John T. Edge Gets His Gordita Fix in Little Rock

Patricia Alonso brings a taste of Aguascalientes to Arkansas—and follows her dreams—at Gorditas Paty

photo: RETT PEEK

A plate of gorditas and the mole-dressed chicken platter.

The smell of nixtamalized corn from the next-door tortilleria swirls the parking lot at Gorditas Paty in the southwestern suburbs of Little Rock. Corrugated tin wainscoting lines the walls of this bright and beautiful restaurant, the second of four locations owner Patricia Alonso wants to open in Arkansas. Sombreros, piñatas, and a rainbow of banners made from perforated tissue paper hang above a pastry case stocked with the domed Mexican sweet breads called conchas. Near the open kitchen, a roofing crew in neon hoodies gathers at a serape-draped table beneath a tapestry portrait of Frida Kahlo. 

I sip coffee from a terra-cotta mug as Alonso, who opened her first Gorditas Paty in Little Rock in 2016, slips into a booth opposite me.
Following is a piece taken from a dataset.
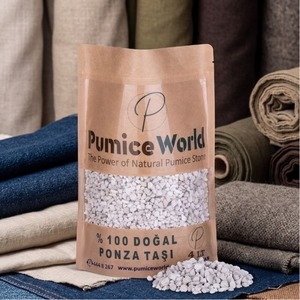 Piedra Pómez Volcánica Natural de 20-40mm para Lavado de Jeans y Prendas de Vestir, Abrasivo Industrial para Lavado a la Piedra - Product Image 3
Using a translation app, we text-to-talk about Aguascalientes, the state in central Mexico where she learned to cook at her family’s food stall in the central market of the capital city, also called Aguascalientes. Alonso talks about Little Rock, too, a city she says is green and pretty and full of kind people. She prefers living here to Los Angeles, where she first immigrated and where she worked in a garment factory pulling loose threads for ten cents a shirt.
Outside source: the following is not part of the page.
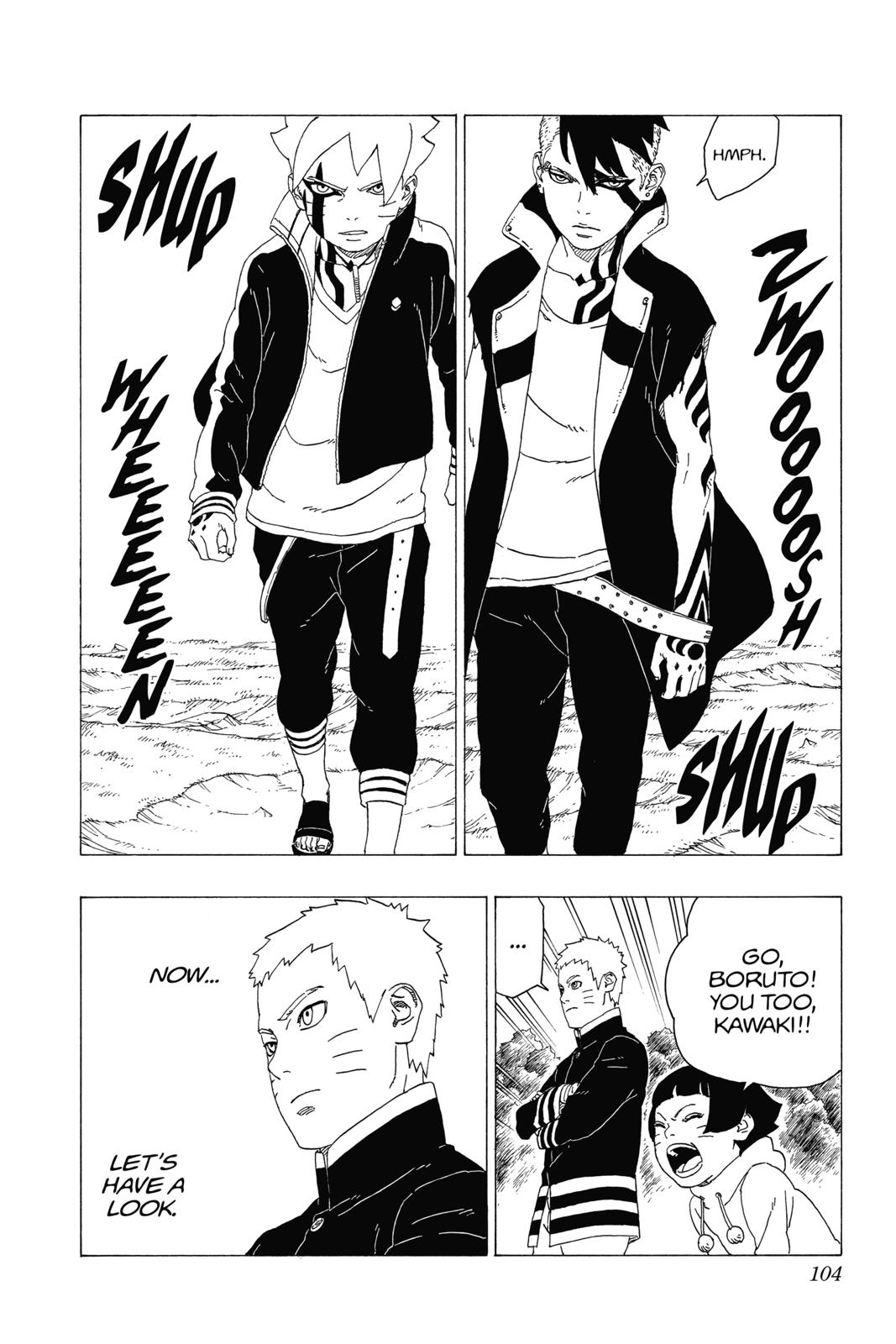 Read Boruto Naruto Next Generations EN Manga Online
Waiting for the next text to ping, I bite into a gordita stuffed with crumbly chorizo bound by lumps of farm cheese. Made from corn flour formed into a pocket bread, gordita translates from Spanish as “chubby.” Alonso’s gorditas—baked on a comal until they are chewy and crisp, stuffed with twenty-plus fillings from pork ribs to chicken mole poblano—translate as delicious. Especially when squirted with the chile-spiked chimichurri mayonnaise she makes. Over her shoulder I watch that roofing crew spoon into bowls of posole rojo, a brothy soup of hominy and roasted pork and ancho chiles. (Alonso also serves a great posole verde, colored with tomatillos and thick with shredded chicken.) Through the steam that rises from their bowls, I see smiles. I hear laughter.

photo: RETT PEEK

Patricia Alonso and her husband, Juan Rodriguez, with their four children.

I got interested in Little Rock’s burgeoning Mexican food scene after learning that a Mexican consulate has operated here since 2007. Set in a squat building at the rear of the Town & Country shopping center, the consulate shares a parking lot with a drive-through taqueria and a vendor who sells soccer jerseys and wooden Jesus-on-the-cross sculptures. Here, immigrants come to file the paperwork that marks deaths and marriages and seek legal assistance. Over the past decade, that work has turned more intense.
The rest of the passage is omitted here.